PROBLEM TO SOLVE: What you return should be the exact lines from the one with "Dazzling chalk stripe" to the end of the records below, both included, and no pictures.

Recorded data:
+--
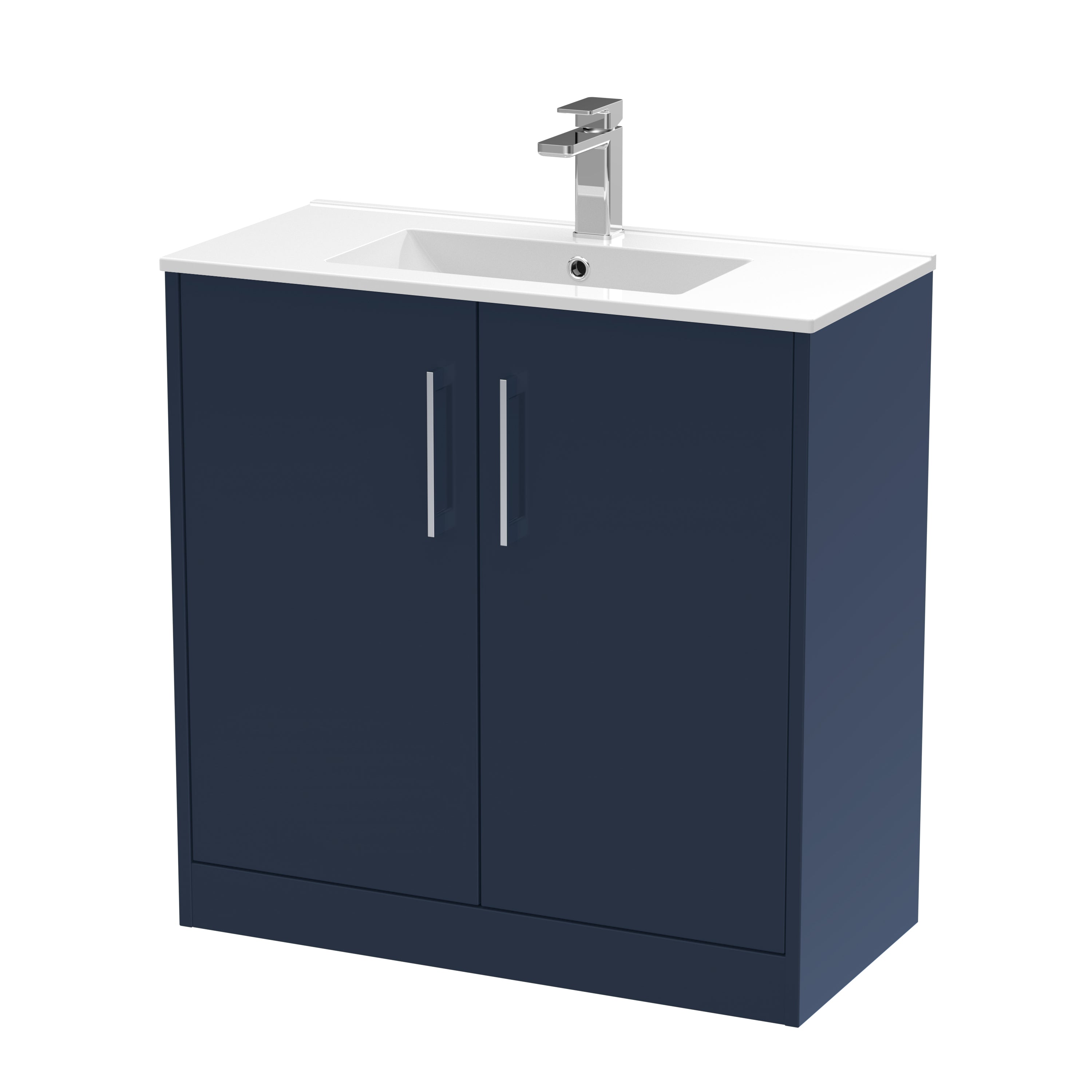 Modern navy blue bathroom vanity with white countertop and integrated sink, featuring sleek chrome handles and contemporary design, ideal for stylish bathrooms.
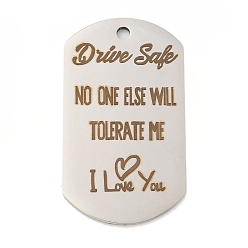 Нержавеющая Сталь Цвет Не тускнеющие 201 подвески из нержавеющей стали, Подвески с сообщениями о безопасности вождения, овал со словами-подвесками, цвет нержавеющей стали, 49x28x2 мм, отверстие : 3 мм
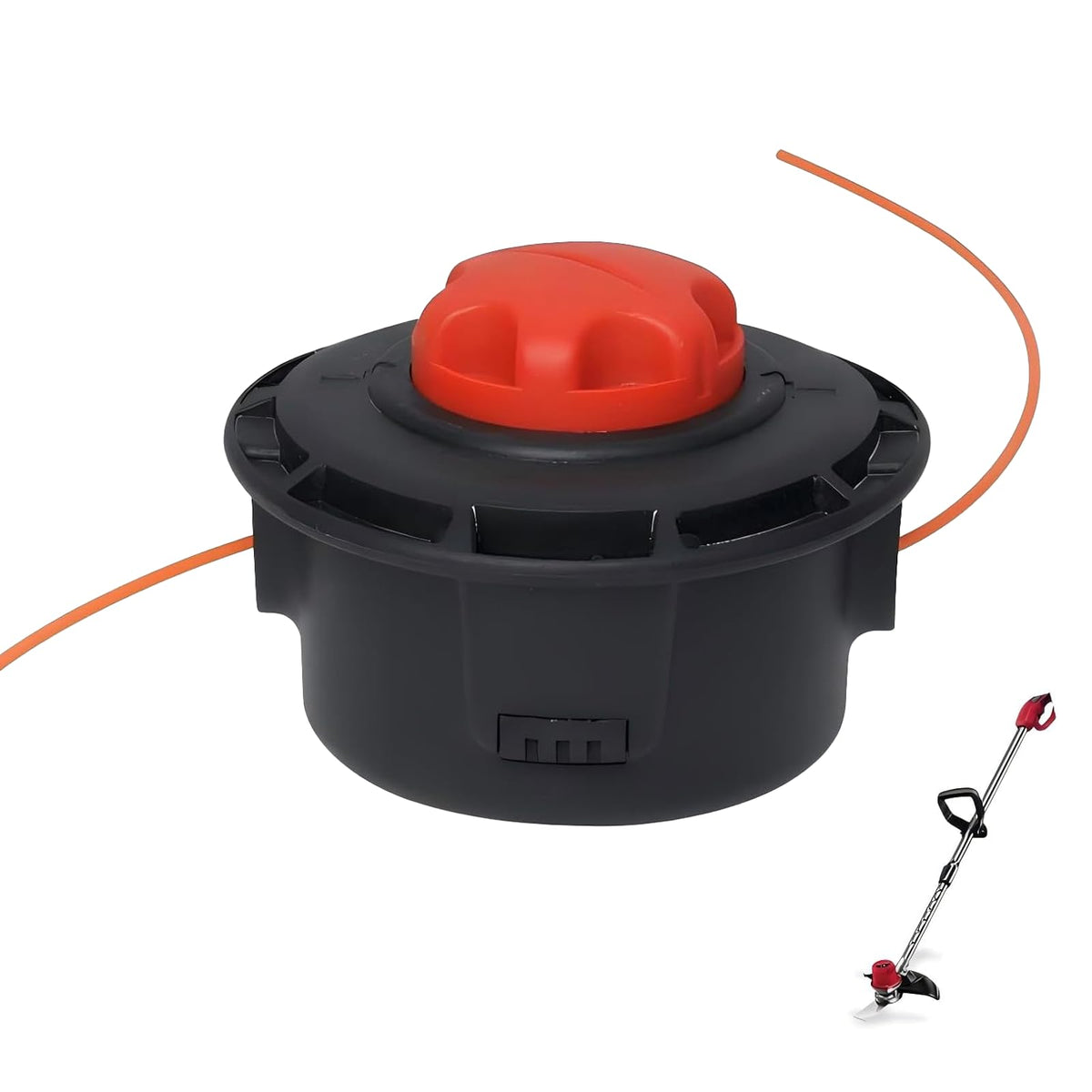 Zhuried trimmer head for Toro compatibility, ideal for edging along fences and walls.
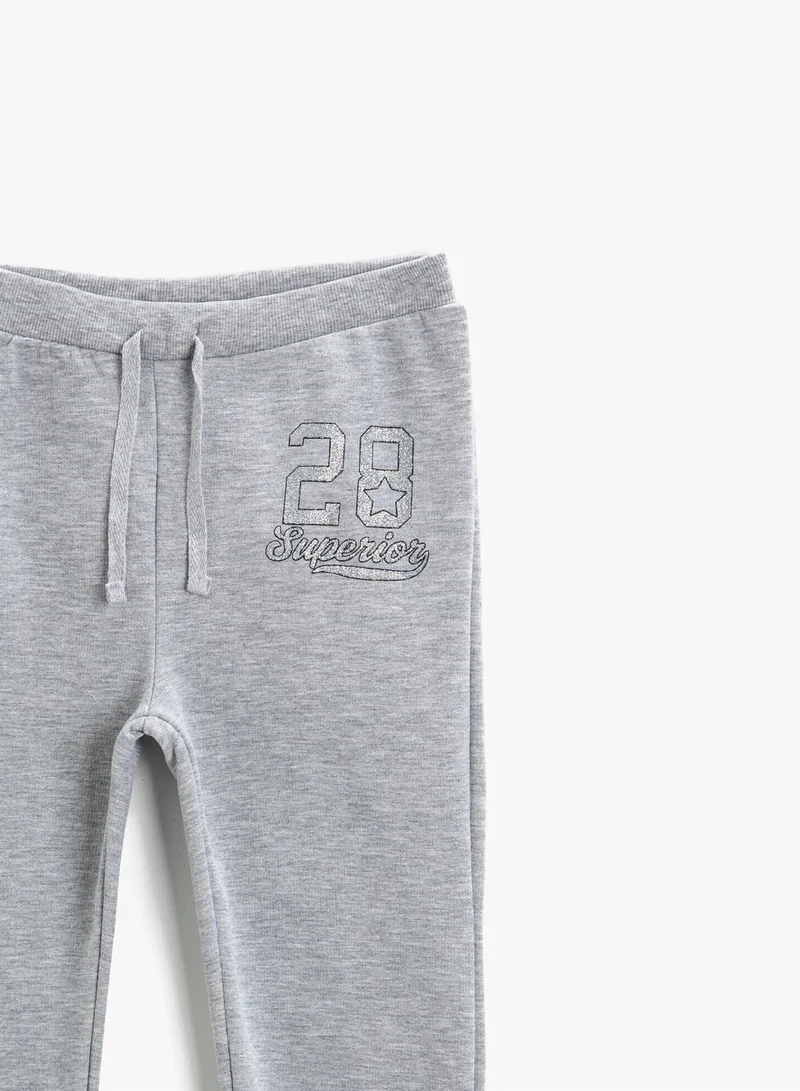 KOTON Printed Jogger Sweatpants Tie Waist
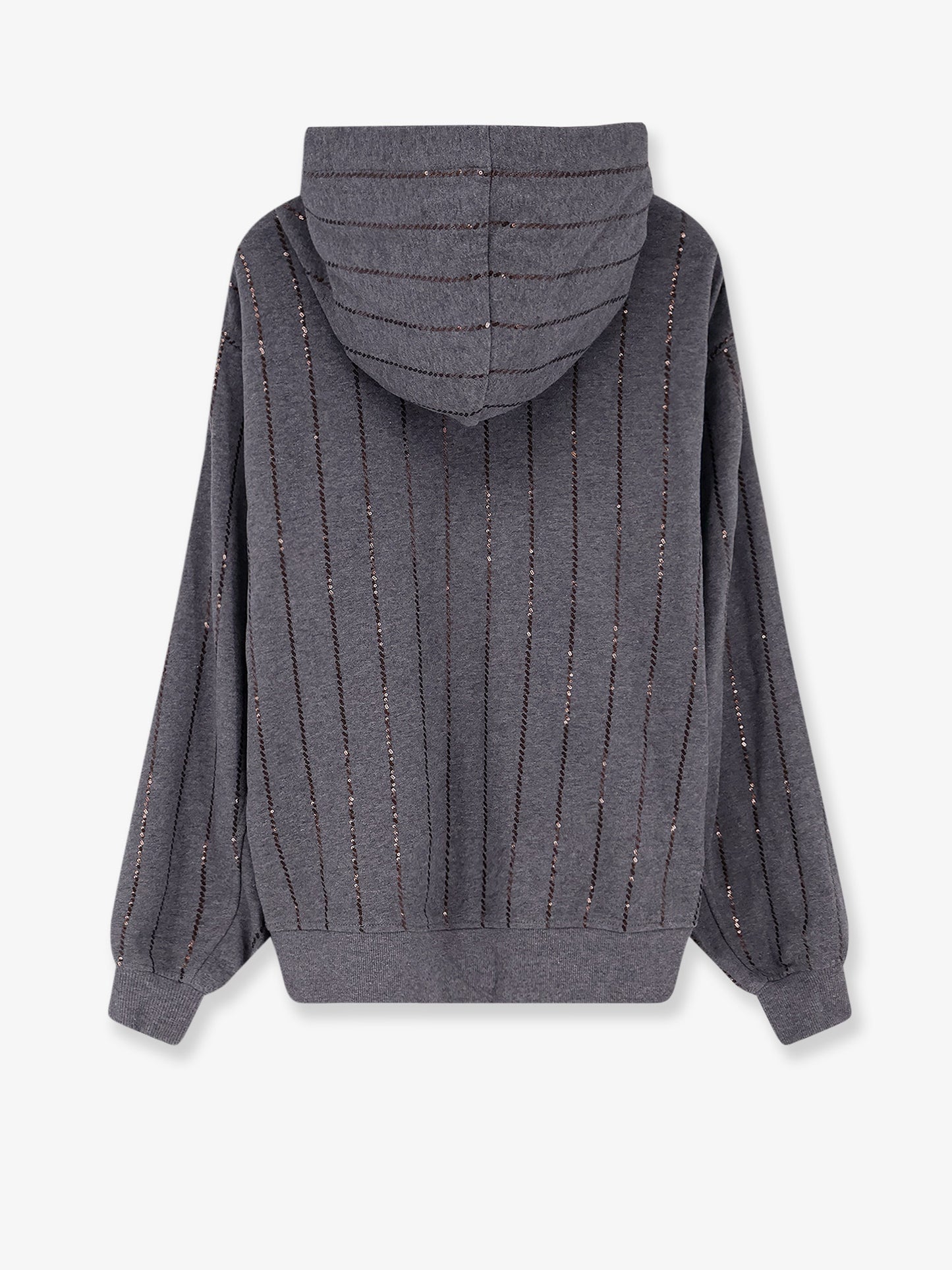 Dazzling chalk stripe embroidery cotton sweatshirt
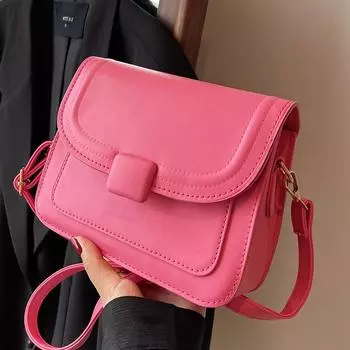 Сумка через плечо, женская сумка высокого класса, универсальная сумка через плечо, ретро-сумка небольшого размера, сумка для поездок на работу с нишевой текстурой розовый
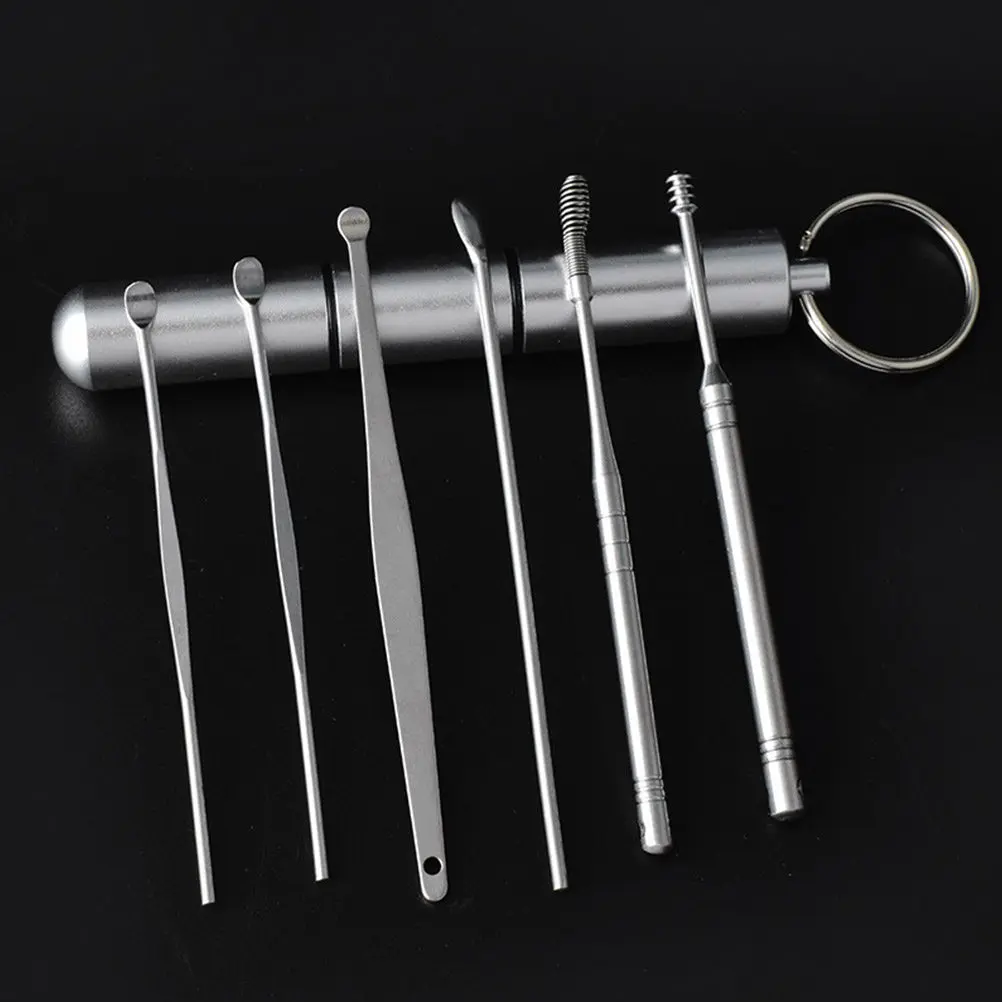 6Pcs Grade Stainless Steel Ear Wax Removal Tools Ear Cleaner Spoon Curette for Wax Safe Easy Clean Sterilize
+--
RESPONSE TO THIS EXERCISE:
 Dazzling chalk stripe embroidery cotton sweatshirt
 Сумка через плечо, женская сумка высокого класса, универсальная сумка через плечо, ретро-сумка небольшого размера, сумка для поездок на работу с нишевой текстурой розовый
 6Pcs Grade Stainless Steel Ear Wax Removal Tools Ear Cleaner Spoon Curette for Wax Safe Easy Clean Sterilize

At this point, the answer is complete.